Richard A. and Susan F. Smith Center for Outcomes Research in Cardiology, Division of Cardiovascular Medicine, Beth Israel Deaconess Medical Center, Boston, Massachusetts; Cardiology Division, Department of Medicine, Massachusetts General Hospital, Harvard Medical School, Boston, Massachusetts.
Richard A. and Susan F. Smith Center for Outcomes Research in Cardiology, Division of Cardiovascular Medicine, Beth Israel Deaconess Medical Center, Boston, Massachusetts; Department of Anesthesia, Critical Care and Pain Medicine, Massachusetts General Hospital, Boston, Massachusetts.
JACC Cardiovasc Interv. 2020 Jun 8;13(11):1277-1287. doi: 10.1016/j.jcin.2020.03.008.
The aims of this study were to examine variation in the use of conscious sedation (CS) for transcatheter aortic valve replacement (TAVR) across hospitals and over time and to evaluate outcomes of CS compared with general anesthesia (GA) using instrumental variable analysis, a quasi-experimental method to control for unmeasured confounding.
Despite increasing use of CS for TAVR, contemporary data on utilization patterns are lacking, and existing studies evaluating the impact of sedation choice on outcomes may suffer from unmeasured confounding.
Among 120,080 patients in the TVT (Transcatheter Valve Therapy) Registry who underwent transfemoral TAVR between January 2016 and March 2019, the relationship between anesthesia choice and TAVR outcomes was evaluated using hospital proportional use of CS as an instrumental variable.
Over the study period, the proportion of TAVR performed using CS increased from 33% to 64%, and CS was used in a median of 0% and 91% of cases in the lowest and highest quartiles of hospital CS use, respectively. On the basis of instrumental variable analysis, CS was associated with decreases in in-hospital mortality (adjusted risk difference: 0.2%; p = 0.010) and 30-day mortality (adjusted risk difference: 0.5%; p < 0.001), shorter length of hospital stay (adjusted difference: 0.8 days; p < 0.001), and more frequent discharge to home (adjusted risk difference: 2.8%; p < 0.001) compared with GA. The magnitude of benefit for most endpoints was less than in a traditional propensity score-based approach, however.
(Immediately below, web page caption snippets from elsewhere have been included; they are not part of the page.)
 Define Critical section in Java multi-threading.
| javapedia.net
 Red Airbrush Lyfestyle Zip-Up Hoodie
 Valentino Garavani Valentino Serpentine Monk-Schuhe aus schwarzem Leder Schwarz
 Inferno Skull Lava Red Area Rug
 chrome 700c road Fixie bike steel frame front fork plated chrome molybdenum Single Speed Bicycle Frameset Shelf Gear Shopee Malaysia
In contemporary U.S. practice, the use of CS for TAVR continues to increase, although there remains wide variation across hospitals. The use of CS for TAVR is associated with improved outcomes (including reduced mortality) compared with GA, although the magnitude of benefit appears to be less than in previous studies.
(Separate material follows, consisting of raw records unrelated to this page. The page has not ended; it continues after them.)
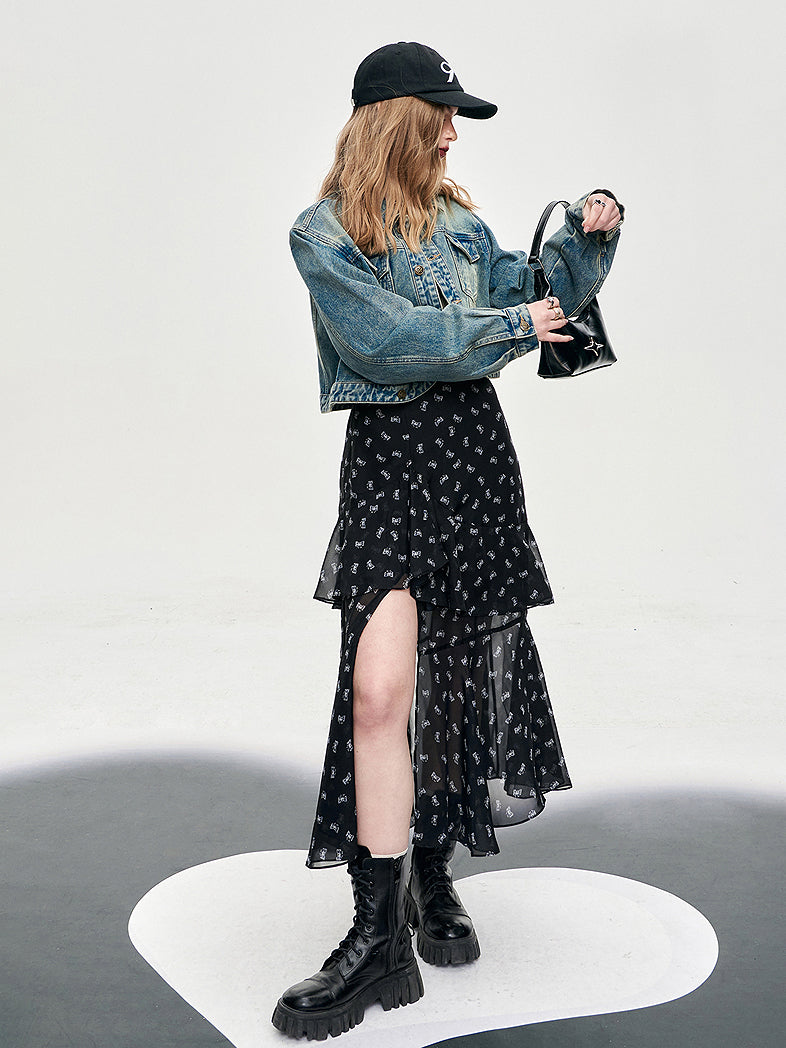 Asymmetrical flare chiffon skirt 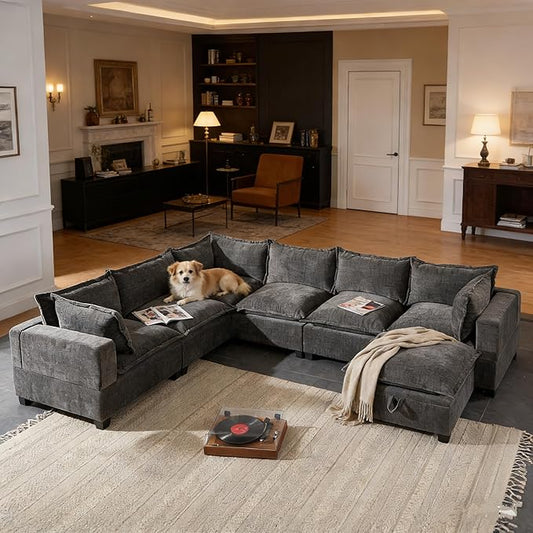 Ball & Cast Oversized U Shaped Sectional Couch with Movable Storage Ottoman,7 Seat Chenille Upholstered Sectional Sofa w/9 Pillows,DIY Combination,Wide Seat Couches for Living Room,Office,Gray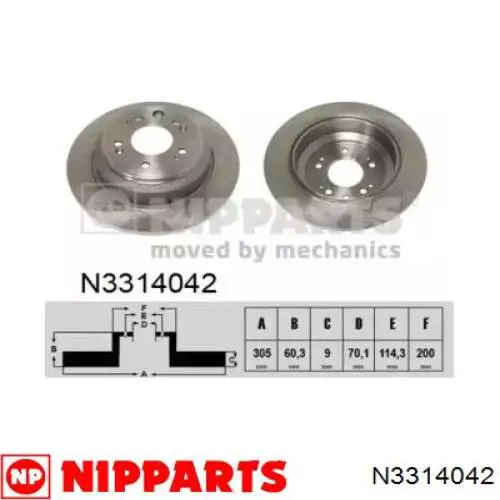 Задний дисковый тормоз Nipparts N3314042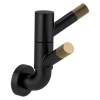 BRIZO Litze Rotating Double Robe Hook With Knurling — Matte Black/Luxe Gold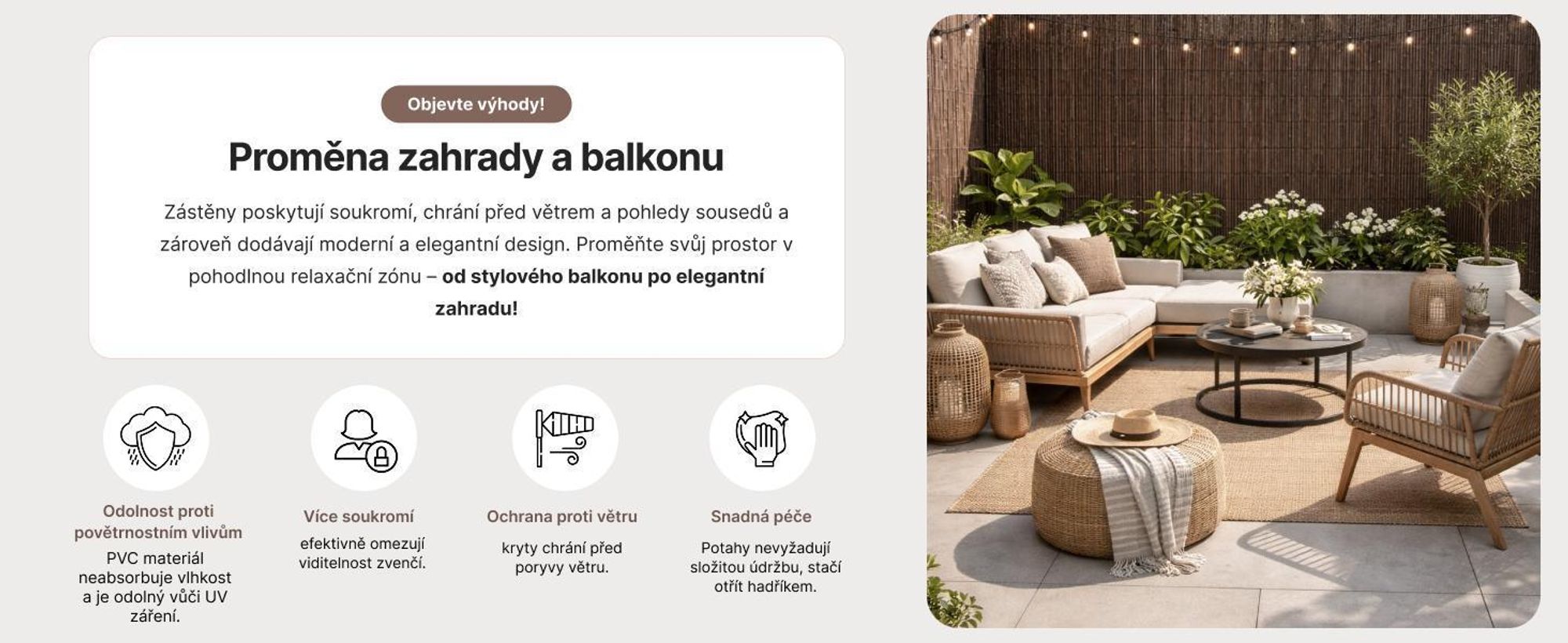 Zástěna Balkon, Terasu, Zahradu, PVC, Mazovia 100x300 cm Hnědá, Odolná Proti Větru, Povětrnostním Vlivům a UV Záření, Zástěnová Rohož Jako Bambus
本研究旨在考察医院间和时间推移过程中经导管主动脉瓣置换术(TAVR)中使用清醒镇静(CS)的差异,并使用工具变量分析(一种控制未测量混杂因素的准实验方法)评估 CS 与全身麻醉(GA)相比的结局。
尽管 TAVR 中 CS 的使用不断增加,但目前缺乏有关使用模式的最新数据,而且评估镇静选择对结局影响的现有研究可能存在未测量的混杂因素。
在 2016 年 1 月至 2019 年 3 月 TVT(经导管瓣膜治疗)登记处接受经股 TAVR 的 120080 例患者中,使用医院 CS 比例作为工具变量评估麻醉选择与 TAVR 结局的关系。
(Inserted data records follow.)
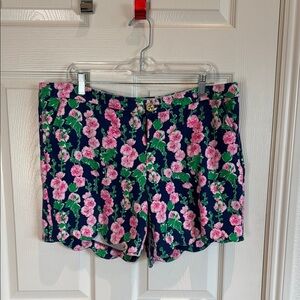 Lilly Pulitzer Navy Floral Pink & Green Women’s Shorts Bermudas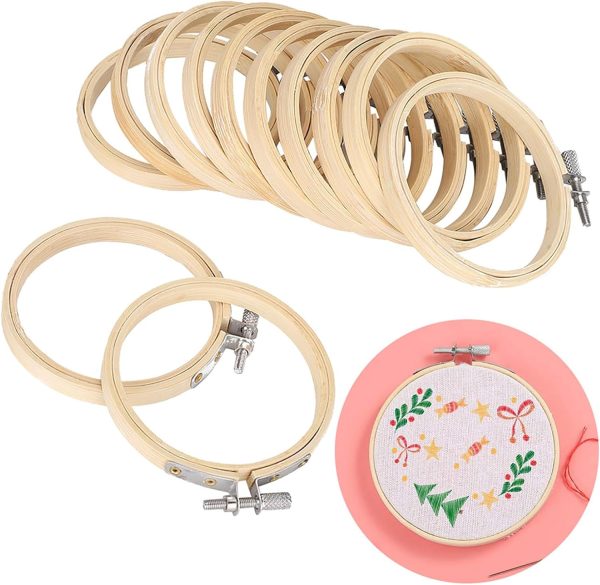 12 Pack 3.5 Inch Bamboo Embroidery Hoops, Adjustable Circle Rings for Cross Stitch Sewing Needlepoint, Wooden Embroidery Frame Set for Beginners and Craft Projects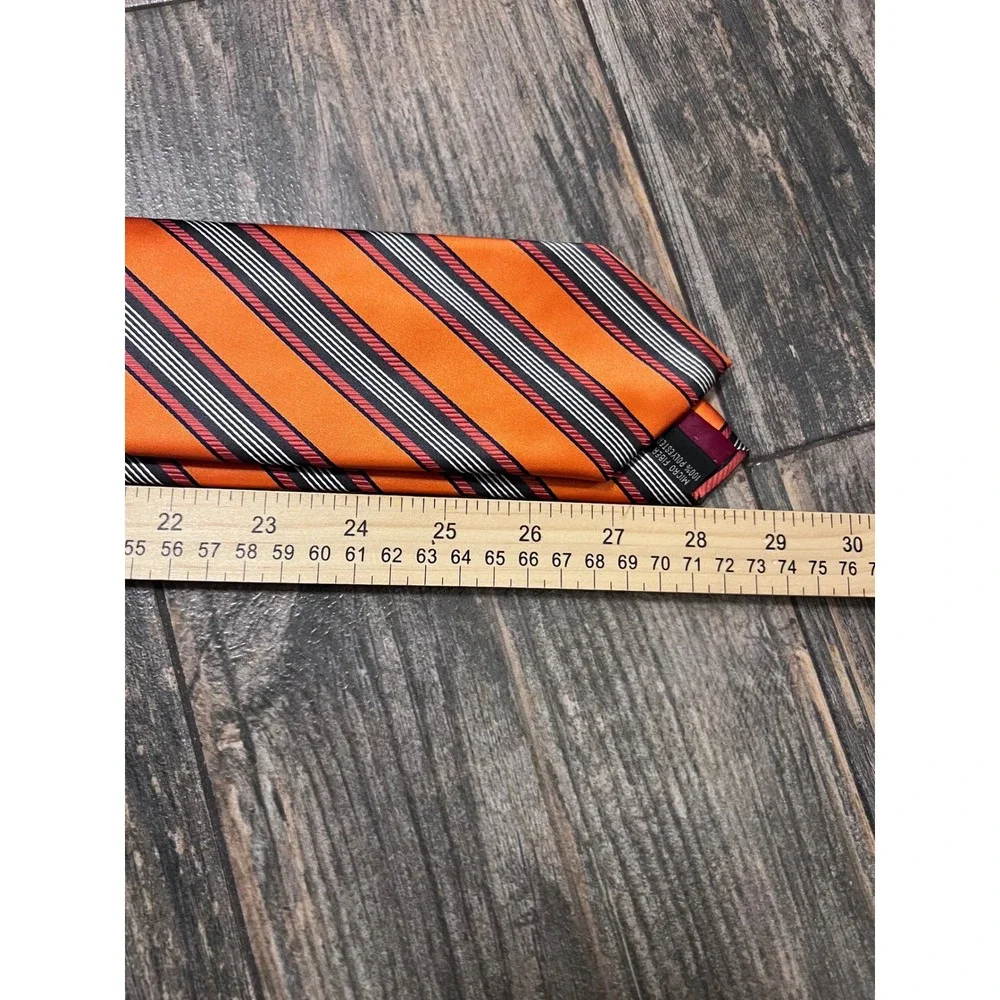 Orange‎ Striped Necktie Mens Microfiber Formal Business Laurant Bennet Milano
在研究期间,使用 CS 进行 TAVR 的比例从 33%增加到 64%,CS 在医院 CS 使用量最低和最高四分位数的中位数分别为 0%和 91%的病例中使用。基于工具变量分析,CS 与住院死亡率降低相关(校正风险差异:0.2%;p=0.010)和 30 天死亡率降低相关(校正风险差异:0.5%;p<0.001)、住院时间缩短(校正差异:0.8 天;p<0.001)和更频繁地出院回家(校正风险差异:2.8%;p<0.001),与 GA 相比。然而,大多数结局的获益幅度小于传统倾向评分匹配方法。
在美国,TAVR 中 CS 的使用继续增加,尽管医院间仍存在较大差异。与 GA 相比,TAVR 中 CS 的使用与更好的结局相关(包括死亡率降低),尽管获益幅度似乎小于之前的研究。